To others the vacant Security Benefit Group building in the shadow of the Kansas Statehouse is a 14-story monument to cronyism -- or bad judgment.

"As it stands now, we don't have the funds to do the remodeling, so it's over there sitting empty," said Rep. John Ballou, R-Gardner, a member of the Joint Committee on State Building Construction. "I don't see that changing anytime soon, so I don't see the benefit in it -- we've got a building we can't afford and that nobody else'll buy."

As Gov.
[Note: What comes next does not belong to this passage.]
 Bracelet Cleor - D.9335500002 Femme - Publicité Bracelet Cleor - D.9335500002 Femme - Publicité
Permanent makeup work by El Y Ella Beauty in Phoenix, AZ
Bill Graves leaves for his new job as a trucking association president in Washington, D.C., he leaves behind a state in budget crisis and a fresh cluster of taxpayer-owned buildings, including Security Benefit, adjoining or near the Statehouse.

Perhaps few Kansans will miss the departing governor more than his good buddy former Secretary of State Jack Brier.
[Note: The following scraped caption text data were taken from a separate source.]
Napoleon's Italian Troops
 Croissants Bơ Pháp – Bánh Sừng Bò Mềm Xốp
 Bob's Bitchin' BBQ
Brier was the go-between for the state's purchase of the Security Benefit building.

Brier also landed a couple of plum appointments from Graves, including the presidency of the agency that would finance the Security Benefit building purchase.

'I hired Bill Graves'

Long active in Republican politics, Brier gave Graves his first job in state government, helped in his gubernatorial campaigns and led the campaign that raised $2 million for renovations at Cedar Crest, the governor's mansion. Brier was master of ceremonies at Graves' inauguration. Brier also is close friends with former Secretary of Administration Dan Stanley, the Graves administration's point man for the purchase of Security Benefit and most other state building deals.

"I hired Bill Graves in 1980, I watched him grow, and I'm extremely proud when he calls me a mentor," Brier told the Journal-World.
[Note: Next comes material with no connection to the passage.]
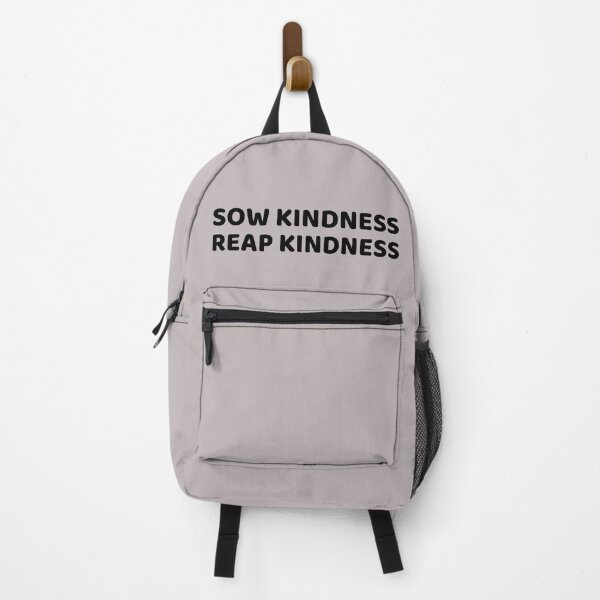Item preview, SOW KINDNESS REAP KINDNESS designed and sold by CoopClothing.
The friendship, political insiders say, has served Brier well.

The Security Benefit building, a block north of the Kansas
Statehouse, represents the most expensive existing building the
state ever has purchased. The $18.5 million deal was arranged
through the help of Jack Brier, a former secretary of state with
access to Gov. Bill Graves. One legislator called the 14-story
structure "a building we can&squot;t afford and that nobody else&squot;ll buy."

The Security Benefit building, a block north of the Kansas Statehouse, represents the most expensive existing building the state ever has purchased. The $18.5 million deal was arranged through the help of Jack Brier, a former secretary of state with access to Gov. Bill Graves. One legislator called the 14-story structure "a building we can't afford and that nobody else'll buy."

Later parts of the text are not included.